Opinión

Salitreras y ferrocarriles de Chile

Y tras aquellos milenarios nombres, adscritos al Norte de Chile, nos saludan las bellas palabras consumidas por el polvo inmisericorde. Bendita magia de estas tierras. “Un ferrocarril parece ser el mecanismo menos práctico para una región accidentada e inhospitalaria como es el Norte”, matiza el reconocido geógrafo e historiador chileno Benjamín Subercaseaux en su obra ‘Chile o una loca geografía’, Editorial Sudamericana, Santiago de Chile, abril de 1988. Recordemos que la zona salitrera exhibe más ferrocarriles que todo el resto del país. He ahí… 4.000 quilómetros de vías férreas. De ellas, dos líneas internacionales: Arica hasta La Paz y Antofagasta a La Paz. Asimismo, una línea central: el Longitudinal, que casi llega hasta Pisagua. Larguísimo trazado que finaliza en Calera, donde enlaza la red Norte con las líneas del Valle Central hasta Puerto Montt.
Salitreras y ferrocarriles de Chile

El movimiento más visible no se halla, sin embargo, entre estos ‘gigantes del riel’ sino en los ramales, esa laberíntica red de líneas que engarzan las salitreras con el mar. Antofagasta nos ofrece 1.500 quilómetros de ferrocarriles. La provincia de Tarapacá, 1.000 quilómetros, que sirven a cuatro puertos destacados. ¿El ‘récord’ de altura? Es Taital, cuyo ferrocarril asciende a 2.700 metros hasta la salitrera más elevada del mundo. Tocopilla sólo tiene 250 quilómetros de vías, mas su trazado es un prodigio de osadía, pues sube el tren por una abrupta muralla agarrándose a la ladera mediante cornisas dignas de vértigo.

Si nos referimos a Iquique, el ferrocarril se alza hasta el Alto del Hospicio, atraviesa varias ‘oficinas’, despide ramales a derecha e izquierda, cruza el salar Bellavista y se arroja al Sur siguiendo la inmensa pampa del Taramugal. Y en esta parte, oímos hablar de la definitoria ‘Estación Soledad’. Descendiendo, se encuentra Quillagua, reducida tierra verde donde el tren ‘se echa por un puente’ y pasa sobre el río Loa. Frente a Tocopilla, el tren atraviesa la región salitrera del Toco. Más adelante, el inacabable Llano de la Paciencia, que ya lo dice todo. Y más abajo, se inclina hacia la costa y baja a Antofagasta.

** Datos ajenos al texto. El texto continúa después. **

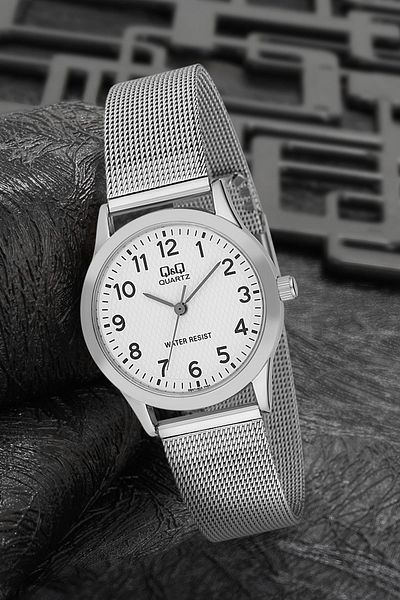 Q&Q Women's Wristwatch 3G2122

Ya salen los trenes de la costa, internándose por las pampas aún toldadas por la niebla matutina, impenetrable. Nos mantenemos acá adentro frente a las banquetas de cuero, a la rejilla del equipaje, a la opaca ventanilla, que diríamos esmerilada igual que en las ambulancias, ángeles custodios de los enfermos. Después llegamos a un alto; el tren se detiene, se despeja la atmósfera, y salimos a contemplar esta mañana del desierto. ¡Cuánto silencio en la pampa, sin confidencias del agua, sin música de los pájaros! Muy de tarde en tarde, una ‘oficina’ salitrera nos brinda esos techos planos, sus latas, sus altas chimeneas. A nuestro alrededor, grandes ‘cerros de ripio’ se amontonan por el inefable esfuerzo humano

“Cada ‘oficina’ remueve en un año el material equivalente al peso de una pirámide de Egipto. ¡Para qué, Dios mío!”, comenta el geógrafo chileno Subercaseaux. Ahora el tren prosigue su incansable ritmo –místico fervor de la meditación– a través del ‘País de las Mañanas Tranquilas’. Y mientras tanto, el salitre sale por miles de toneladas, fecundando los campos y las cosechas.